- _TASK OBJECTIVE_:
What is needed is an exact transcription of the listing, with the images removed.

- _RECORDED INFORMATION_:
§
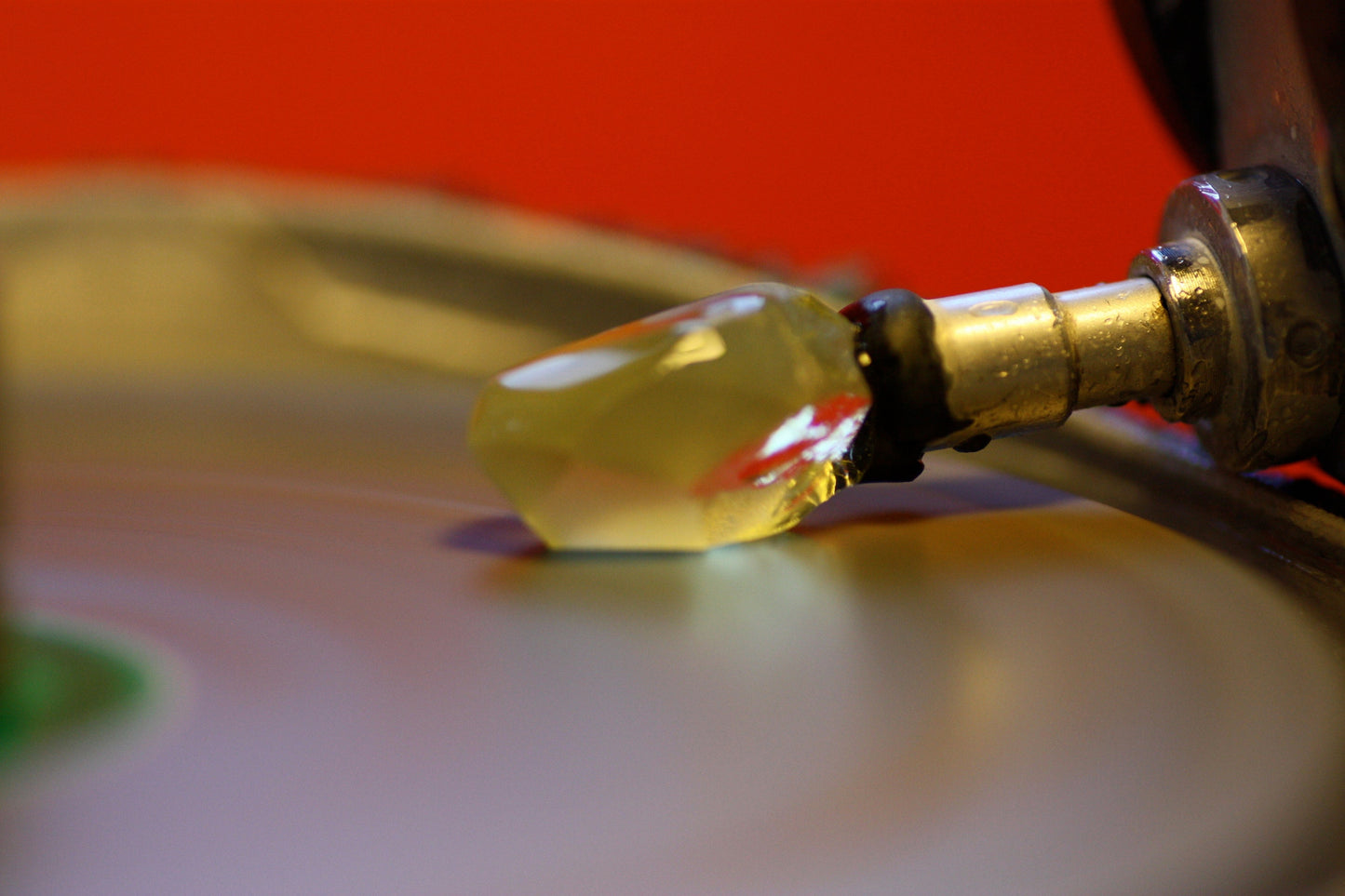 Smoky and Lemon Quartz stones set with Gold K18 on custom made earrings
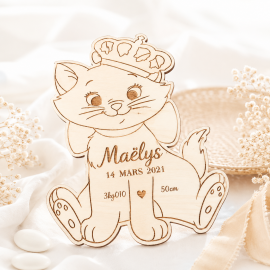 Faire-part Marie aristochats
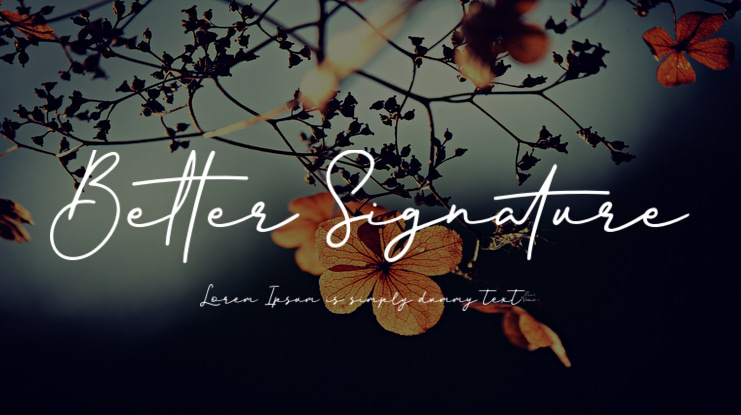 Better Signature Font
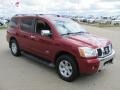 2006 Red Brawn Nissan Armada LE 4x4  photo #4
§
- _RESPONSE TO THIS EXERCISE_:
 Smoky and Lemon Quartz stones set with Gold K18 on custom made earrings
 Faire-part Marie aristochats
 Better Signature Font
 2006 Red Brawn Nissan Armada LE 4x4  photo #4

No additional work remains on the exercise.